1) Strategic partnership starts with trust + business fluency
  • The strongest HR–business partnerships are built on credibility and trust, grounded in HR leaders demonstrating a real understanding of how the business makes money, what drives performance, and what is changing in the market (not just “HR expertise”).
  • The importance of speaking in business terms vs. HR vernacular is crucial for building business partnerships. Financial literacy and commercial orientation are “table stakes” for influence at the leadership table.
2) “Tactical” ways HR leaders build business acumen
Specific actions that were taken to accelerate credibility with business unit leaders:
  • 1:1 relationship-building with key leaders to understand their roles, priorities, pain points, and operating context.
  • Participating in deal / acquisition / capex / budget discussions and other operating cadences to learn the business in motion.
  • Building financial literacy through practical exposure (e.g., board materials) and targeted learning resources, then applying those concepts to HR work products and metrics.
3) Measuring HR impact works best when tied to enterprise KPIs and the “hand-offs” that drive outcomes
Approaches that resonated:
  • Start with top-level business KPIs (e.g., G&A discipline, growth, productivity), then cascade into role-level measures so employees can see line-of-sight to enterprise outcomes.

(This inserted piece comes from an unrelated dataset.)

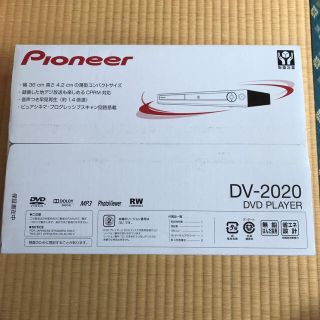 パイオニア(Pioneer)のDVDプレイヤー(DVDプレーヤー)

  • In high-volume environments, focus on funnel metrics that leaders care about (cost per hire, time-to-fill, conversion drop-off points, days between application and contact, etc.).
4) The “voice of the employee” is multi-channel, and closing the loop builds participation and trust
Practical mechanisms to gathering feedback:
  • Annual engagement surveys, pulse surveys, focus groups, onboarding check-ins (3/6/12 months), and exit interviews.
  • Exit feedback can be the most candid and actionable.
  • Clear consensus: the fastest way to erode trust is to run a survey and do nothing. Sharing results and actions taken over time increases participation and credibility.
  • Some organizations also leverage culture influencers/amplifiers to validate themes, pressure-test “pulse” findings, and help shift narratives through peer channels.
5) Critical leadership capabilities to execute strategy: communication, conflict, and people-manager effectiveness
  • People managers are the pivot point for execution, culture, retention, and employee experience, and it's crucial to invest in building those management skills.
  • A standout example: building capability in conflict communication (healthy tension, direct alignment conversations) as a source of “operational alpha,” and explicitly framing poor communication as a cost center (delays, rework, budget impact).
  • The “art + science” of performance: metrics matter, but so does manager quality and the ability to have hard conversations about whether today’s team can deliver tomorrow’s strategy.
6) Change management: HR’s value is helping leaders slow down enough to align, assess impact, and manage risk
  • A recurring model: Vision → Alignment → Execution (most failures occur when alignment is skipped).
  • Helpful practices included mapping stakeholders and capacity, clarifying roadmap/cost/timeline, and using coaching questions (“What are the unintended consequences?”).
  • Beyond individual coaching, participants highlighted value in “organizational hygiene”: toolkits, project kickoff practices, post-mortems, and capturing learnings. This includes making change management an enterprise muscle, not just an HR intervention.
  • In M&A / high-change environments, earlier and more frequent communication with impacted employee populations (even when details are limited) helps reduce the “marathon effect” and builds credibility.